**Work request:** Set down the full listing below word for word; pictures stay out of the copy.

**Data:**

========

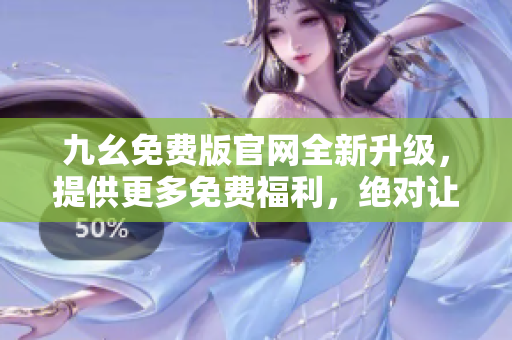 九幺免費版官網(wǎng)全新升級，提供更多免費福利，絕對讓你愛不釋手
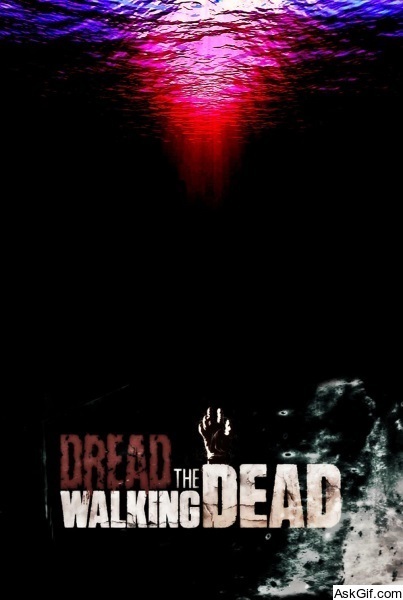 Dread the Walking Dead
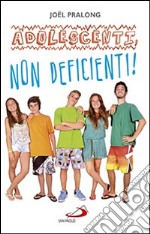 Adolescenti, non deficienti! libro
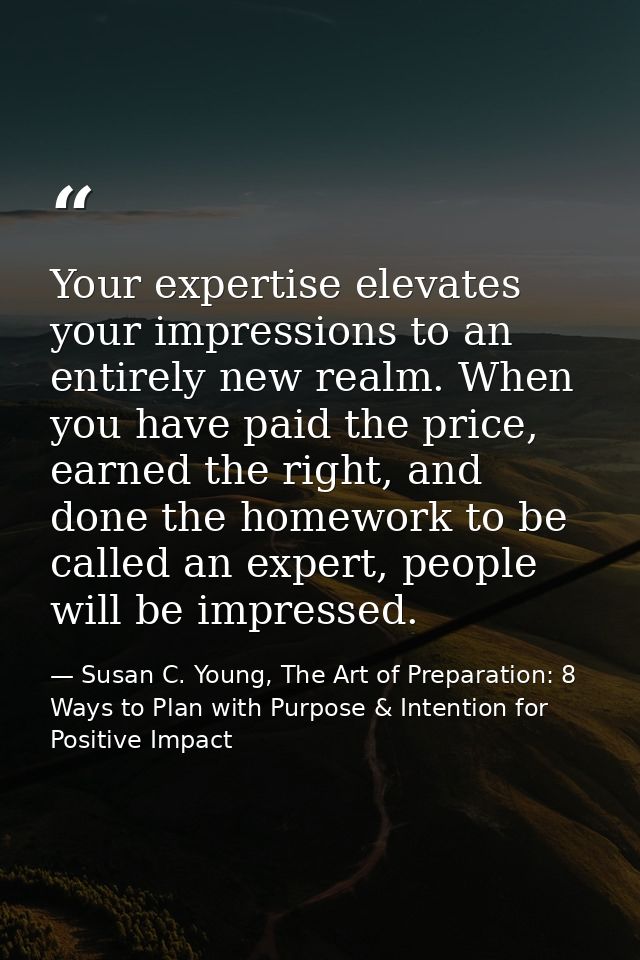 Your expertise elevates your impressions to an entirely new realm. When you have paid the price, earned the right, and d — Susan C. Young, The Art of Preparation: 8 Ways to Plan with Purpose & Intention for Positive Impact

========

**Written answer:**
 九幺免費版官網(wǎng)全新升級，提供更多免費福利，絕對讓你愛不釋手
 Dread the Walking Dead
 Adolescenti, non deficienti! libro
 Your expertise elevates your impressions to an entirely new realm. When you have paid the price, earned the right, and d — Susan C. Young, The Art of Preparation: 8 Ways to Plan with Purpose & Intention for Positive Impact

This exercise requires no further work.